As your business grows you find new challenges in your systems and processes. First you may have informal processes that frequently change. Then, over time you start to document, delegate, and outsource these processes. As you continue to grow you make adjustments so they are scalable and provide more efficiency.

One area that business owners tend to overlook is internal controls. We may not think about these until we are faced with one of 3 situations – an audit, we suspect fraud, or notice errors occurring.

In all 3 scenarios we begin to look at our processes not as a way to increase efficiency and profits but as a way to improve quality and prevent fraud.

In this article we will discuss how to create internal controls for your business. Let’s first start with defining what internal controls are.
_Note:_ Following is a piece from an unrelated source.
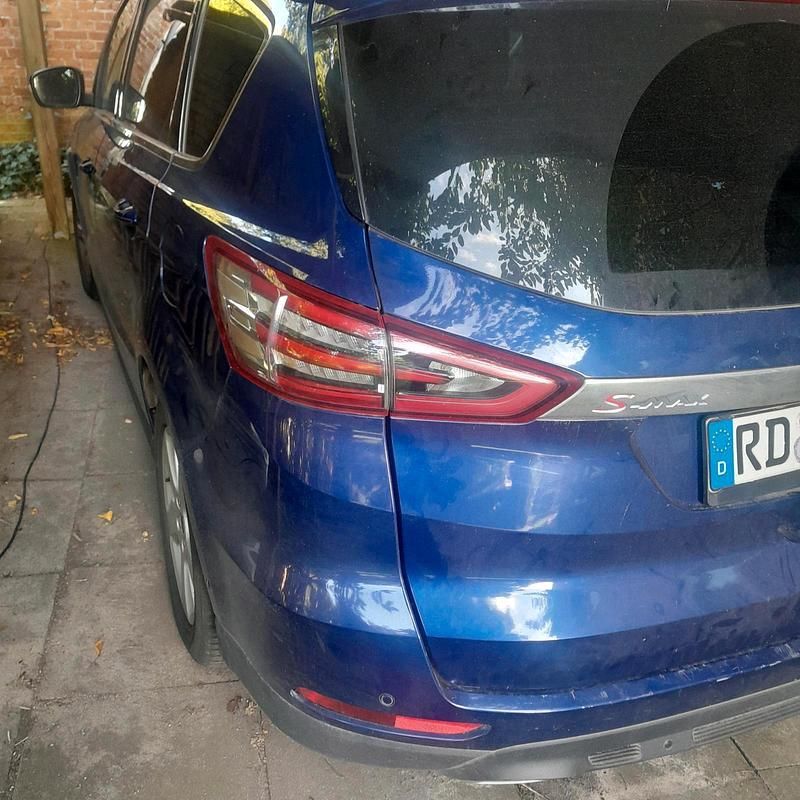 Gebraucht Ford S-MAX S 179 PS (131 kW) 2017 Blau Van / Kleinbus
What Are Internal Controls?

Internal controls are a set of rules and procedures to ensure accurate financial reporting. Typically the focus of internal controls surrounds bookkeeping and accounting processes but they can relate to operational activities as well.

Internal controls can be small steps like double checking the math on an invoice or making sure a bill received is from an approved list of vendors. These steps can sometimes feel tedious but the intention is typically to reduce the chances of fraud or error. They can also relate to improving other metrics in your business like quality.

What Is The Objective?

The first step in developing internal controls is analyzing what the objective is. For example, if you are looking to strengthen your accounts receivable process you may have many objectives.

Maybe your business collects cash when fulfilling accounts receivable and so you want to decrease the chance for fraud.

Maybe you are an online service based business and charge by the hour. How do you ensure invoices are collected on time and if not collected, what is your process for collecting late fees? Who is collecting the delayed payments? Who is confirming the correct payment was made?

Try to have a deep understanding of each process, the steps, and the objective of each step. It may seem unnecessary at first but it will build into the following points.

How Risky is This Process?

Once you have determined the objective of your process, we will want to assess risk. Some processes are going to have more inherent risk than others. For example, earlier we discussed cash. Cash can always present more risk since it can easily exchange hands. Let’s consider this example more closely.

Assume you own a hair salon that accepts both cash and card payments. Whoever closes the store at the end of the day could likely have access to the cash when no one is around. Even throughout the day, the cashbox could be subject to miscounts and errors.

So we create an internal control to watch the cash in the cash box. At the beginning of the day we count how much cash is in the cash box and enter it into the POS system. Then at the end of every day we count the cash again and reconcile it with what is shown in the POS system. If there is a difference we can make note and further analyze our process.

We just turned a risky process that handles cash into a process with an internal control that decreases risk.

Risk can be difficult to assess so you will want to think about anything that could affect the integrity of your finances.

  • Cash
  • New employees who are still in training
  • High employee turnover
  • No formal processes developed

These are just a few examples of how normal parts of owning a business could be causing risk.

What Resources Do We Have Available?

Something else you will want to consider is the resources available when determining your capabilities and limitations. When it comes to developing internal controls you may want multiple people to review an invoice before it is paid. If you are a one person team, this is beyond your capabilities.

It is also possible you have multiple people but find it inappropriate for them to handle business finances under their current position.

Applications can also make internal controls more efficient and secure, however, if you have limited financial resources then you may not be able to afford the additional tech.

Consider your current applications, financial resources, and your team members. Once you have those in place you are ready to begin implementing internal controls.

The concept of internal controls can be tricky at first yet as you become more familiar with your processes you will find it can actually be an excellent tool at improving your business in ways you once did not think possible.